Name und Logo beim Casino geändert
Veröffentlicht am 14.06.2005 06:21 Uhr
«Casino Barrière Freiburg» statt «Casino Freiburg»
Das Casino Freiburg in Granges-Paccot ändert Name sowie Erscheinungsbild und verbindet sich mit den Casinos Montreux und Courrendlin. Die Kundschaft wird nicht viel merken.
Das riesige Begrüssungsplakat am Casino ist angepasst worden. Und das Weinrot der «Groupe Lucien Barrière» ersetzt das bisherige Himmelblau von «Accor Casinos». «Das Dekor wird aber nicht verändert», sagte Délphine Gougard, Personalverantwortliche im Casino Freiburg. Weiterhin sei der Karneval das Leitmotiv des Casinos in Granges-Paccot.
«Accor Casinos» hatte von der Spielbanken-Kommission die Bewilligung für den Betrieb der beiden Casinos in Freiburg und Courrendlin (JU) erhalten. Diese gehörten zu 50 Prozent der französischen Hotel-, Casino- und Vergnügungskette Accor und 50 Prozent der Colony Capital.
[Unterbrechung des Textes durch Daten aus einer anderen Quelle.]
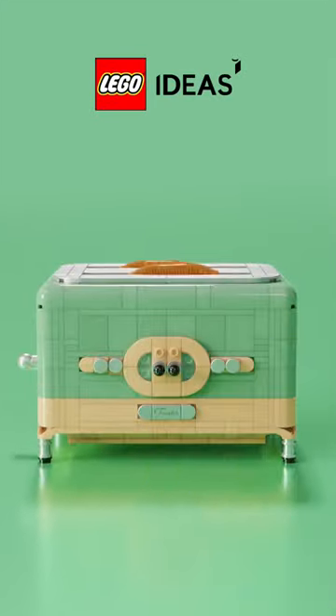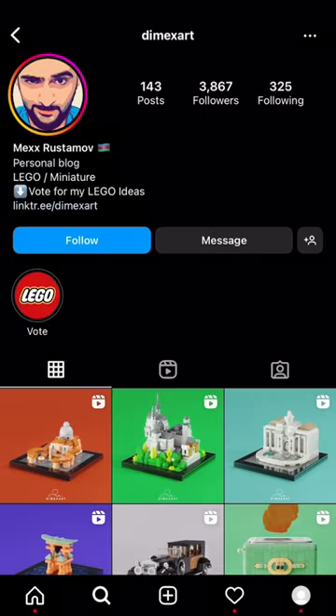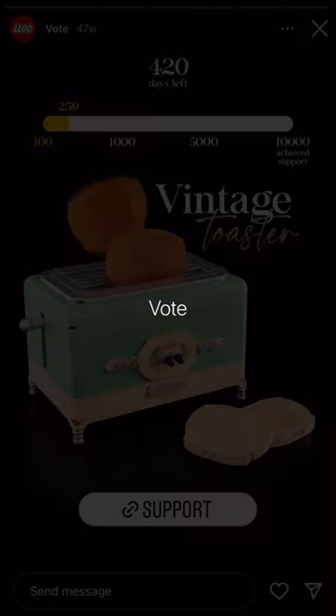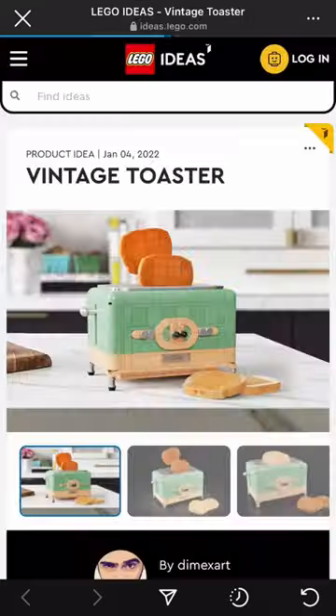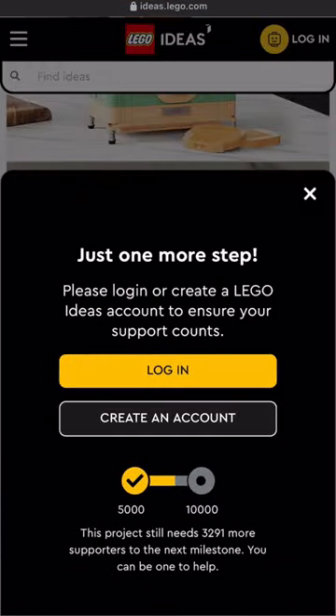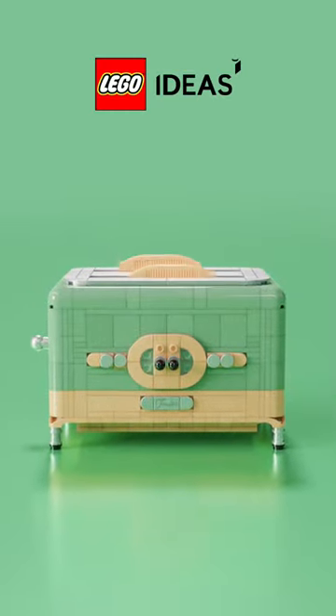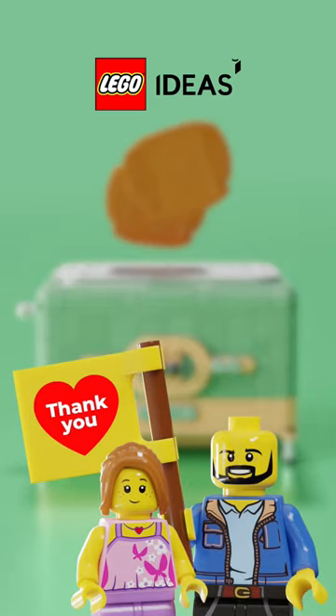Hi guys! If you like my idea and would like to see it on the shelves, all you need is just to check my profile, click on a highlight, click on the link and then you will be redirected to the Lego Ideas. There you will see the support button. Press it. If you have an account, your vote will be counted immediately. If you don't have one, then it will just take about a minute of your time to register. Thank you so much for your attention.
Im Jahr 2004 packten sie aber im Casino-Bereich eine neue Zusammenarbeit mit der französischen Familie Barrière-Desseigne an. Im Dezember 2004 wurde die neue «Groupe Lucien Barrière SAS» geschaffen, welche die Accor-Casinos übernahm. Dies betraf zum Beispiel die Casinos in Freiburg und Courrendlin.
Zusammenarbeit mit Montreux
Damit besitzt die Lucien-Barrière-Holding heute 39 Casinos in ganz Europa und ist damit die Nummer 1. «Als Mitglied des grössten Spielakteurs kann das Freiburger Casino nur gewinnen», ist einer Medienmitteilung vom Montag zu entnehmen.
Freiburg wird also neu in einem Zug mit Montreux genannt werden. «Es ist ein Vorteil, dass wir jetzt eine gemeinsame Politik zu dritt statt nur zu zweit machen können», sagte Délphine Gougard. Dies, auch wenn das Casino A in Montreux nicht die gleiche Kundschaft anspreche wie die regional orientierten Casinos B in Freiburg und Courrendlin. Aber alle hätten jetzt ein gemeinsames Auftreten und mit «Barrière» auch ein gemeinsames Element im Namen.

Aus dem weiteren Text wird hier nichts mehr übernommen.